======== Input material ========

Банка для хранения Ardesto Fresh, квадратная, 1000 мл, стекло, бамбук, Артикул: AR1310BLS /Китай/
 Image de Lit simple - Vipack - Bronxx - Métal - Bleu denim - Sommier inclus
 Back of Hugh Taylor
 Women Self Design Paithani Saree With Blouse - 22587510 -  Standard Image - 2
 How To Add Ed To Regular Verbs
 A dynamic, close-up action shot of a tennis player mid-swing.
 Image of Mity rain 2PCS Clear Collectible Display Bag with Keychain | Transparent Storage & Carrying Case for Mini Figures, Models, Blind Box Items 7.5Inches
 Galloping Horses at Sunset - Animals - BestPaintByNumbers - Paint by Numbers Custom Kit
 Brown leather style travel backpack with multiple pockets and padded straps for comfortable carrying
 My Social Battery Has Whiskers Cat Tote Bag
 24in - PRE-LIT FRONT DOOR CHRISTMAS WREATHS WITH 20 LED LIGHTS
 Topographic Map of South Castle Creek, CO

========

In the records above, find the line containing "Brown leather style"; please retype it and every line after it through the last line, exactly and with nothing else.

 Brown leather style travel backpack with multiple pockets and padded straps for comfortable carrying
 My Social Battery Has Whiskers Cat Tote Bag
 24in - PRE-LIT FRONT DOOR CHRISTMAS WREATHS WITH 20 LED LIGHTS
 Topographic Map of South Castle Creek, CO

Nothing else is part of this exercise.